Retardar la aceleración del mundo no es disponer de potencias místicas. Al contrario, se trata de la imposibilidad de olvidar la densidad de una experiencia histórica única. Hay que resistir a la potencia imperial que desea imponer una homologación mundial de su forma de vida. No con hostilidad, desde luego. Pero sí con firmeza. Recordemos que nosotros, los europeos, también una vez creímos ser esa potencia imperial. Nuestra historia nos dice que un imperio solo vence una vez y que luego, de mantenerse a toda costa, sólo producirá injusticia. La pretensión de Estados Unidos de imponer tribunales extraterritoriales en el TTIP para que las grandes compañías puedan denunciar a los Estados que violen su homologación, es una pretensión imperial injusta y sin precedentes. Por supuesto que el Nomos de la Tierra, la articulación de las relaciones entre los grandes espacios, debe estar entregada al derecho. Pero el derecho no puede confundirse con la protección de una homogeneización de las formas de vida en favor de una hegemónica y empobrecedora. El derecho del Nomos de la Tierra será multipolar y surgirá de una situación de equilibrio, o no será. Si no protege las formas de vida de los grandes espacios, no protegerá un futuro para la pluralidad de la Tierra.

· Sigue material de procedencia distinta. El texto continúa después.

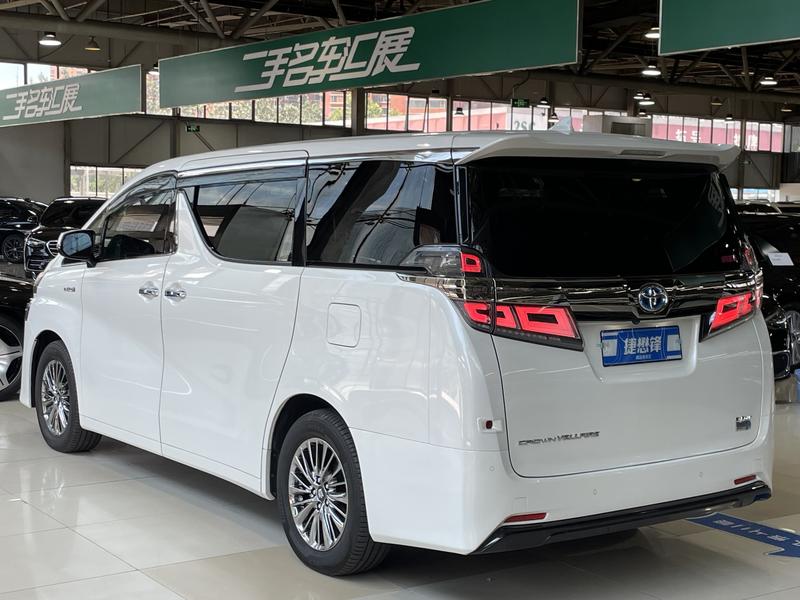 Toyota Vellfire - фото 3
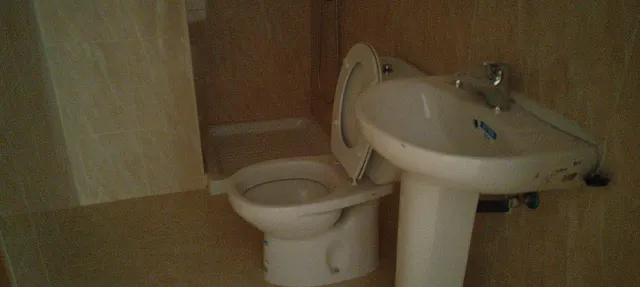 SE VENDE LOCAL CENTRICO , JUNTO TRAFICO Y DIPUTACION — 18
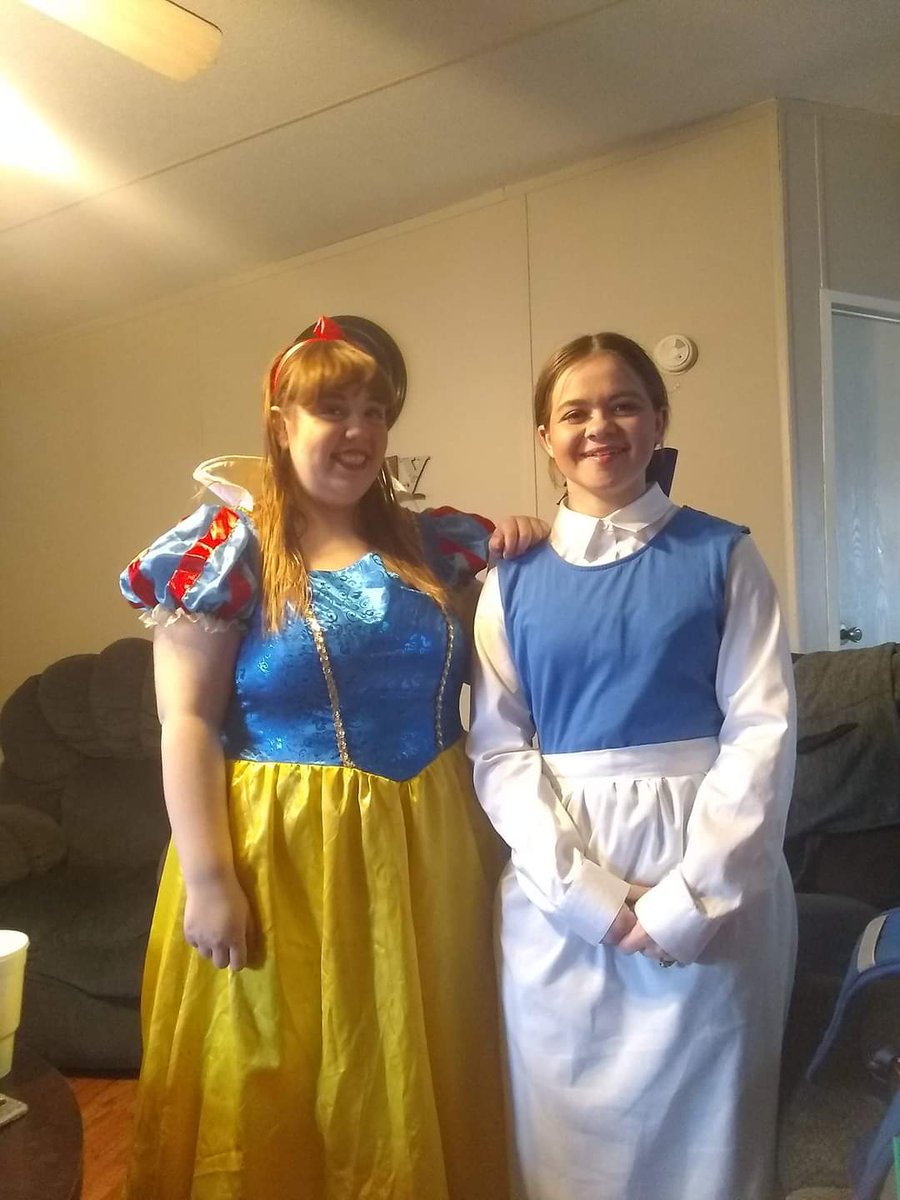 SHS_Troupe182's tweet photo. Hello! and welcome to meet the Admins!! 

This account will be run by President DESIRAE RODRIGUEZ @Desijustdesi and Secretary NICKI CULP @Nicki57847966 for the 2021-2022 school year. 

we are both senior thespians and excited to share our year with you all!! https://t.co/DKA5QCYVQ7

Creo que se debe estar a favor de la construcción del espacio social y económico de Euroamérica. Pero no estoy de acuerdo en que esa construcción se deba hacer a favor de la homogeneización del actual modo de vida de EE UU, de su tipo humano, o del sistema productivo en el que se apoya. Europa tiene una forma de vida que proteger, un vínculo entre economía y cultura que promover, y un tipo humano que garantizar, basado en su voluntad de no olvidar su historia. El historicismo es el imperativo de la potencia retardataria. Europa tiene tanta relación histórica con la América del Norte como con la América del Sur y no puede plegarse a las demandas de EE UU y ser insensible a una perspectiva que también necesita integrar América del Centro y del Sur. No puede injerirse en los asuntos de América Latina, pero sí cooperar para que sea un gran espacio propio en el futuro Nomos de la Tierra. No puede marginalizar de ese Nomos a Brasil o a Rusia, por mucho que le resulte extraña la calidad política de ambas potencias. Es preciso que Europa deje de pagar las consecuencias derivadas de su trágica experiencia imperial y actúe con iniciativa como un gran espacio de paz y de derecho, sin plegarse a las exigencias excesivas del amigo americano y su aceleración. El espíritu de las distinciones ha de ser la potencia intelectual del tipo humano europeo. Éste debe administrar la heterogeneidad y la complejidad y resistir la homogeneidad. En ese espíritu debe encontrar Europa su lugar en el mundo, cuando se decida a tener una voz autónoma en el futuro. La alternativa es conocer en sus carnes una condición casi colonial. Bien mirado, quizá eso forme parte de cierta justicia histórica. Pero la propia experiencia de lo que nosotros hicimos en otro tiempo al menos nos debería alumbrar acerca de las dolorosas consecuencias de padecer la colonialidad.